The ligamentum arteriosum is the fibrous remnant of the ductus arteriosus, connecting the superior surface of the left pulmonary artery to the undersurface of the aortic arch at the aortic isthmus. In the fetus, the ductus arteriosus shunted blood from the pulmonary trunk to the systemic circulation, bypassing the unexpanded lungs. After birth it closes within 24-48 hours (functionally) and within weeks (anatomically) to become the ligamentum arteriosum.
A fibrous fetal remnant with no circulatory function in adults; defines the boundary of the aortic isthmus, anchors the left pulmonary artery to the aortic arch, and is a landmark for the recurrent laryngeal nerve loop.
The ligamentum arteriosum is the key surgical landmark for the left recurrent laryngeal nerve, which loops around the aortic arch immediately posterior to it. The ligamentum arteriosum marks the aortic isthmus, the most common site of traumatic aortic injury in deceleration trauma. Patent ductus arteriosus, where the ductus fails to close, produces a left-to-right shunt managed by pharmacological (indomethacin in premature infants), catheter-based, or surgical ligation at this precise location.

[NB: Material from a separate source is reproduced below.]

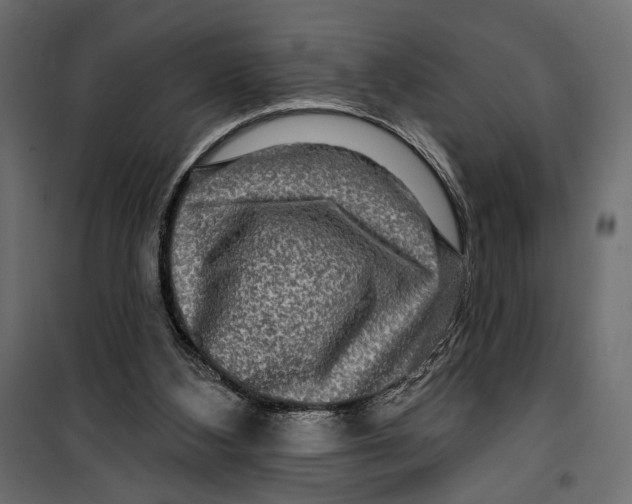 X0000099950108200806201323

Sudden deceleration shears the aorta at the isthmus where the mobile aortic arch meets the fixed descending aorta at the ligamentum arteriosum, producing a contained haematoma and aortic tear managed by endovascular stent grafting in haemodynamically stable patients.
Failure of the ductus arteriosus to close maintains a persistent left-to-right shunt between the aorta and pulmonary artery at the ligamentum arteriosum site, producing a continuous machinery murmur and left heart volume overload, closed by indomethacin, transcatheter device, or surgical ligation.